■ DIRECTIONS FOR THIS TASK
An exact transcription of all the entries is needed; pictures stay out.

■ THE INPUT
•••
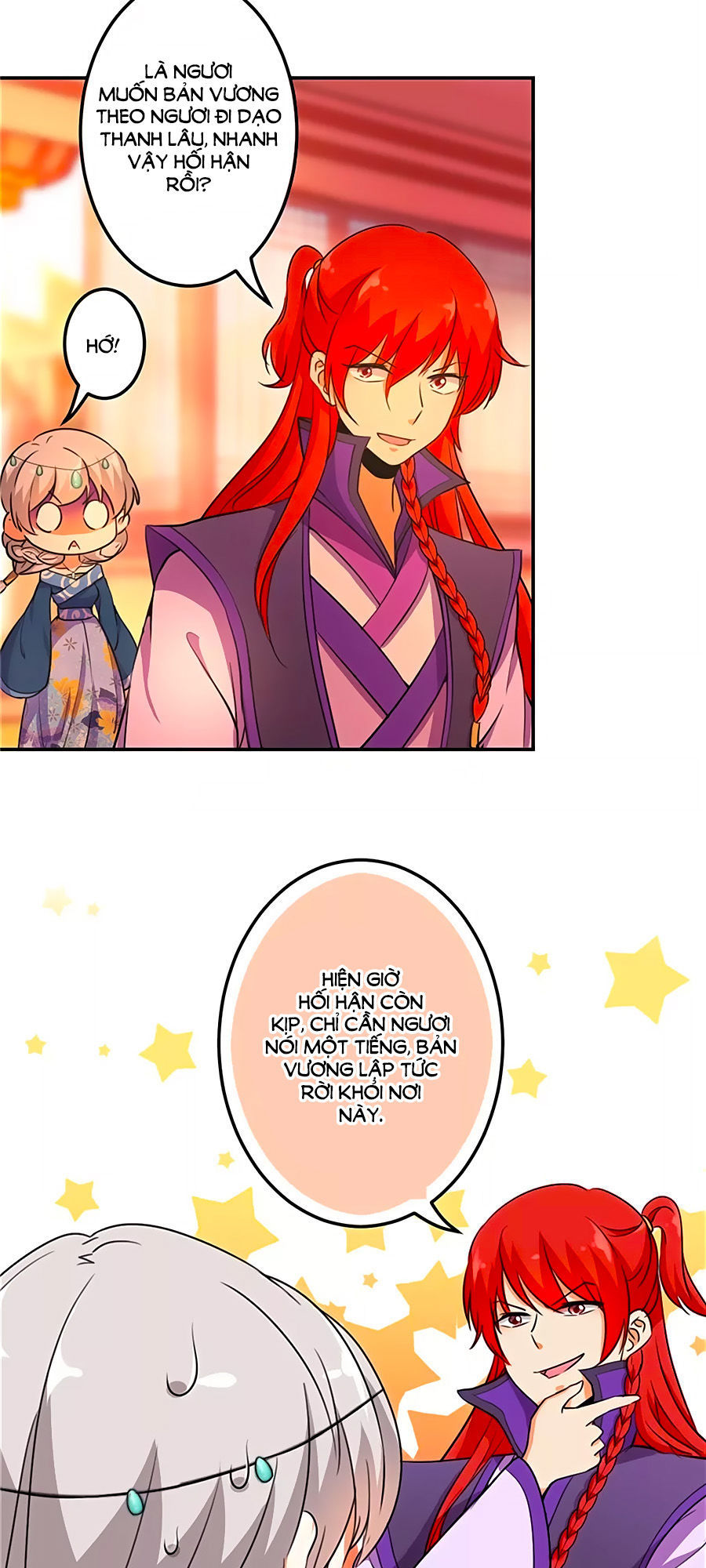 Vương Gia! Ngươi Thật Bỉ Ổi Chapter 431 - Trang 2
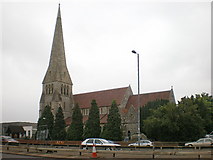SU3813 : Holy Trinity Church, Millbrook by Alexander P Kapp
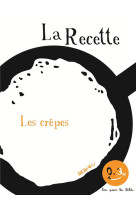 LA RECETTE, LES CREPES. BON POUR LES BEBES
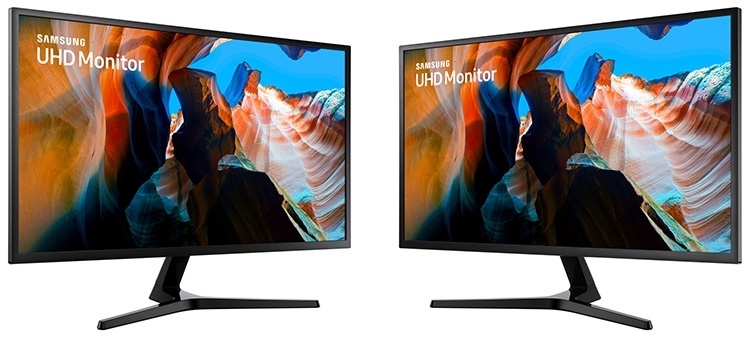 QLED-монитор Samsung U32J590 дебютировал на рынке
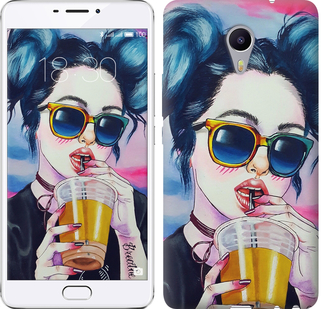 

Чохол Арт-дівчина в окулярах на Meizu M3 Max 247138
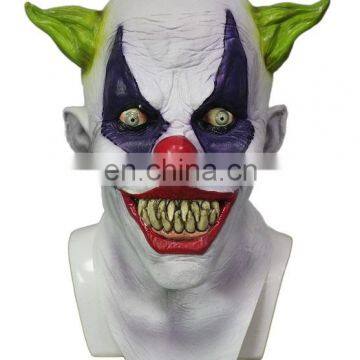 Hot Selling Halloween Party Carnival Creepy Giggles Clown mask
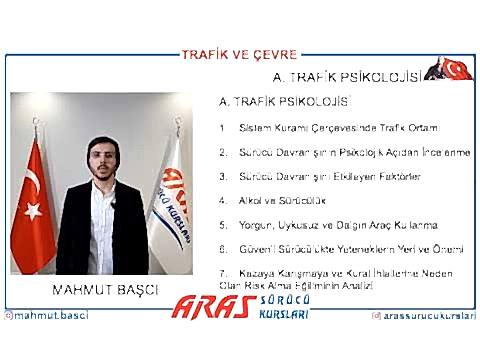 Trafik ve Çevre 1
•••
■ SOLUTION BELOW
 Vương Gia! Ngươi Thật Bỉ Ổi Chapter 431 - Trang 2
SU3813 : Holy Trinity Church, Millbrook by Alexander P Kapp
 LA RECETTE, LES CREPES. BON POUR LES BEBES
 QLED-монитор Samsung U32J590 дебютировал на рынке

Чохол Арт-дівчина в окулярах на Meizu M3 Max 247138
 Hot Selling Halloween Party Carnival Creepy Giggles Clown mask
 Trafik ve Çevre 1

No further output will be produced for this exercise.